The reading measures the efficiency with which chlorophyll in the tree leaf is able to absorb sunlight. Like a human, whose alertness and productivity can be reduced by ill health such as flu, a tree with physiological problems will operate at reduced efficiency. What is exciting is that the chlorophyll assessment can detect changes which are not evident externally. A tree which has been sprayed with a herbicide may not show signs of the damage for 48 hours, which can be too late for treatment. Drought stress can take up to 21 days to show.

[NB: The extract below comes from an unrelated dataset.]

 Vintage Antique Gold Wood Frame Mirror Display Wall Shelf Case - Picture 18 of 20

Dr. Glynn Percival, who runs the research centre for Bartlett’s, shared with me an experience where he ran the test on nursery trees delivered to a site for planting in the landscape. The trees looked healthy, but the chlorophyll test indicated drought stress. Glynn concluded that the trees lacked the vigour to become established, and suggested that the order be returned to the supplier, who, needless to say, was not happy with the proposal. Glynn had to wait for 21 days before the effects of the drought stress showed in leaf senescence. This was in the early days of product development, and he was relieved to be proved right.

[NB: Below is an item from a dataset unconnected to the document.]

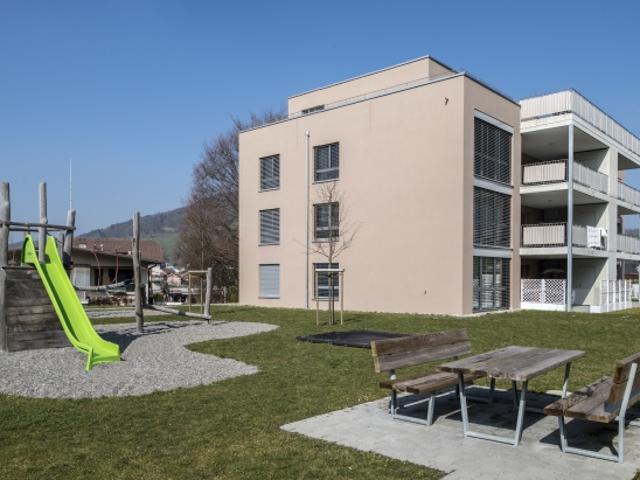 Wohnung mieten in Reinach (AG), Aargau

Not all problems are hidden away in the tree. Some issues are very evident, and I encourage clients to inspect trees either prior to despatch or on delivery. I have encountered issues relating to trees that should never have left the nursery, including several involving trees purchased at some cost from a local garden centre. Structural weaknesses do not necessary become problematic until a tree has become mature.
Several years ago, I was asked to assess a specimen conifer which had broken at the base. It was situated on a boundary, and relations with the neighbour were
not as amicable as my client wished, and there was concern that the damage may have been malicious. Before taking the matter further, he wished to establish whether there was a natural cause to the damage. The tree had been purchased in a container from a local garden centre. I recognised that root girdling had occurred. If a plant is kept in a container for too long, it becomes root-bound. Roots then begin to grow around the inside of the container, and then around the trunk. If allowed to continue, the roots can restrict the growth of the trunk, which can then snap. This particular tree was doomed to fail before leaving the garden centre. Whilst my client lost a tree, he had the reassurance that the cause was natural and avoided aggravating the situation with the neighbour.
I mentioned, when referring to BS8545:2014, that a tree on the nursery should have a strong central leader. This does not necessarily form naturally. Whilst in a forest setting, where there is competition for light and resources, there is pressure to gain height in order to reach the canopy, for many trees grown for amenity, there may be little competition for resources, and space for side branches to become established. This often leads to poorly developed branch unions. These are structurally weak, and vulnerable to breaking, especially during inclement weather. The consequences of failure can be significant, and not just the potential loss of the tree. The good news is that restorative pruning can be undertaken on even established trees, ensuring that the investment is not necessarily lost due to earlier oversight.
Trees contribute to our quality of life for generations ahead. They can cool the air, clean the air and enhance our general well-being. Much of the cost occurs in the early years. Whilst many trees do fail, with care and an informed approach, those suited to the situation will readily mature to become established specimens providing a return on the investment for decades and potentially centuries to come.